School support: Teachers have been incredibly supportive and helpful. This time last year, I was in South America for four and a half weeks competing. All my teachers worked with me creatively and flexibly to make sure I was able to keep on top of my classes.
Personal tip: I really try to think consciously about setting goals. Make sure you’re following a direction. Set a goal, reach that goal, reset. Continually self-reflect.
Goal: I want to make Team USA again. If I qualify, I’ll compete at Worlds in July in Catalonia, Spain.
Autumn Lull, gymnastics, Silver Creek High School
Silver Creek sophomore Autumn Lull’s decade and counting pursuing gymnastics started out as fun at her local recreation center. It quickly transformed into much more. The modest, determined gymnast is currently ranked 10th in the nation overall, and 4th in beam. “It’s taught me so much,” Autumn says. “Deep down, I really do it because it’s fun. But it is also a big part of why I am who I am.”

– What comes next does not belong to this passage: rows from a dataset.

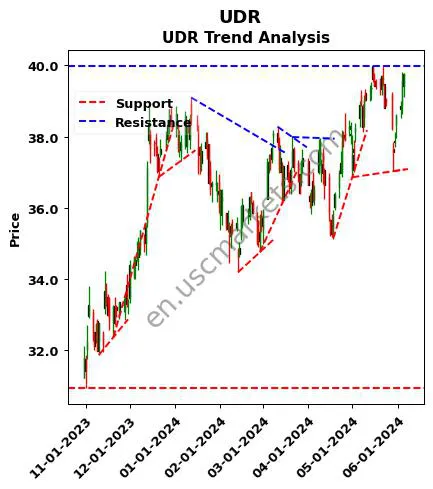 UDR review UDR technical analysis trend chart UDR price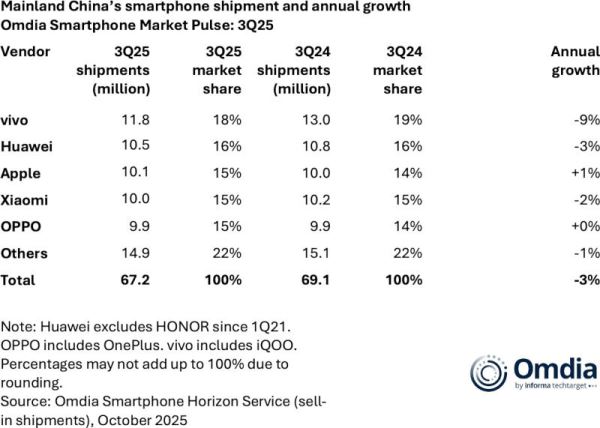 Китайский рынок смартфонов сократился на 3 %, а Vivo вернула себе лидерство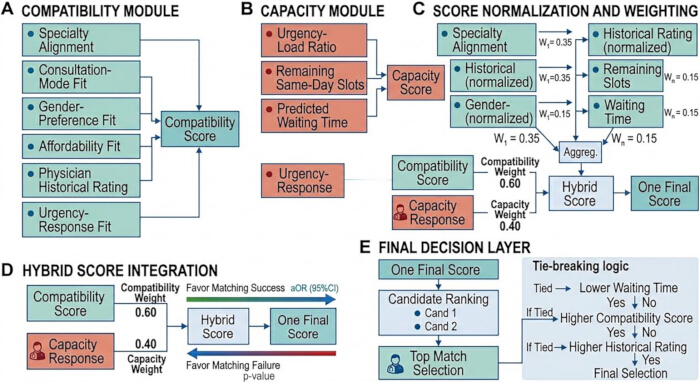 figure-results-2 Healthcare algorithm diagram showing modules for compatibility, capacity, scoring, and decision logic.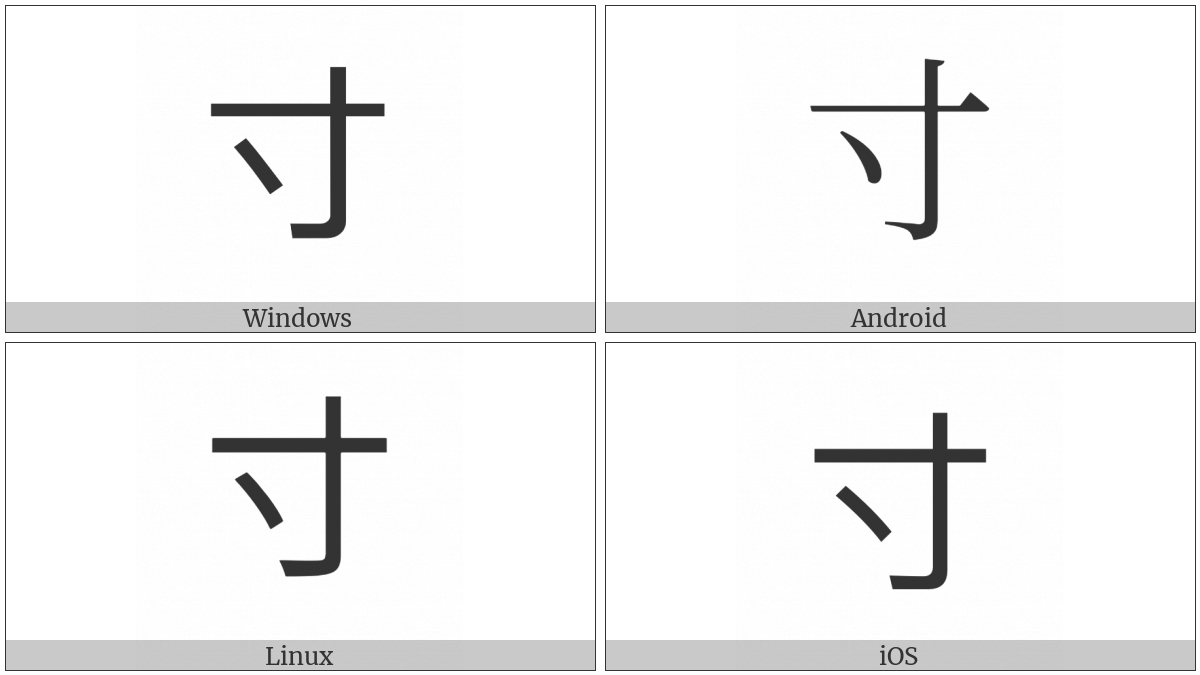 Kangxi Radical Inch on various operating systems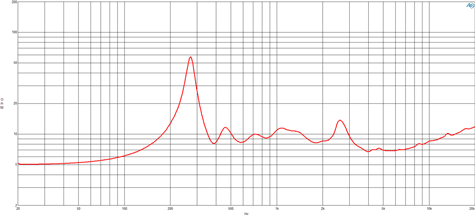 B&C DCM414 Impedance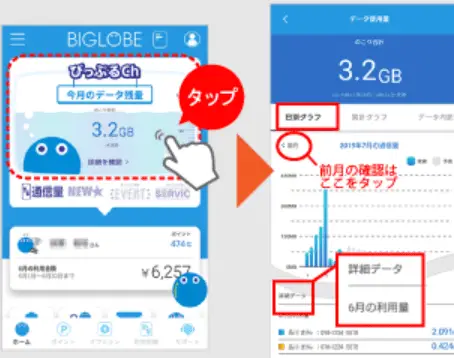 BIGLOBE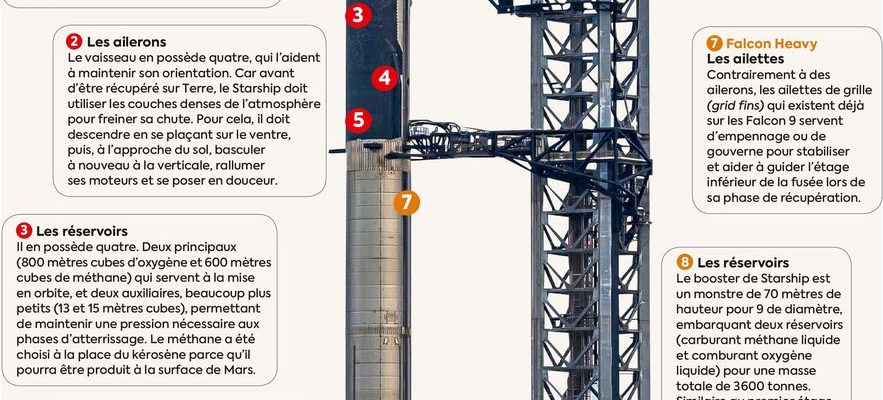 Starship the three facts to know before the test flight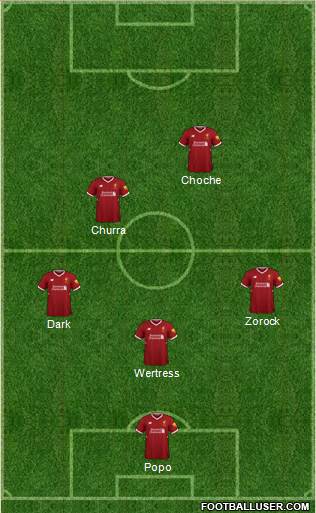 Liverpool Formation 2018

Typical routine: I get up at 5:45 and get ready for school. I leave school at 1:30 and head over to Airborne Gymnastics, where I train until 7–sometimes I can finish as early as 6. I get home about 7 or 8, eat dinner, do my homework, go to bed, get up and do it all again.
School support: My coaches and teachers have been so helpful and understanding. There’s a willingness to do what it takes so I can stay on top of everything, from scheduling a free period at the end of the day so I can train to having the option of online classes.
Personal tip: Trust yourself to give your best, and trust those who support you. Sometimes others know how capable you are even better than you know yourself.
Goal: I want to continue gymnastics in college.
Trevor Smith, paraclimbing, Niwot High
The fact that he was born without the lower part of his right arm was no deterrent to Trevor Smith when it comes to scrambling, scaling, and basically ascending all the heights that call out to him. As a young child, he climbed up everything at every opportunity. Three years ago, Trevor determined the time was right to pursue rock-climbing in earnest. “It was all self-driven,” he said. “I bought a copy of The Rockclimber’s Training Manual, created a training plan on my own, and started connecting with the local climbing community.” Within two years, not only had the IB student established himself as a formidable talent, he took second place at the 2018 IFSC Paraclimbing World Championships in Innsbruck, Austria.
Typical routine: My training fluctuates depending on the season and goals, but typically I’ll train Mondays, Tuesdays, Thursdays and Saturdays for about four hours each session, aiming to really push myself to the max. Those days need to be really productive. On the ‘off’ days, I’ll go to the gym if I can, but I don’t put the pressure on myself for the same kind of explosive workouts. If I have something coming up, like a test, I won’t go to the gym that day. There’s lots of late night homework.
School support: My teachers have been really flexible, helpful and accommodating. Last year, I really dug a hole for myself traveling to the World Championships. But my teachers all worked with me to make sure I was able to get myself caught up.
Personal tip: Between sports and school life, it’s important there’s balance. Don’t focus all on one. Either can flip on a dime. You can have an injury that can cost your entire career. Be in equilibrium.
Goal: I plan to medal at Nationals in March. Next, the World Championships will be in Tokyo in August. I’m looking at Paris Olympics, 2024. Outside of sport, my goal is to be an aerospace engineer.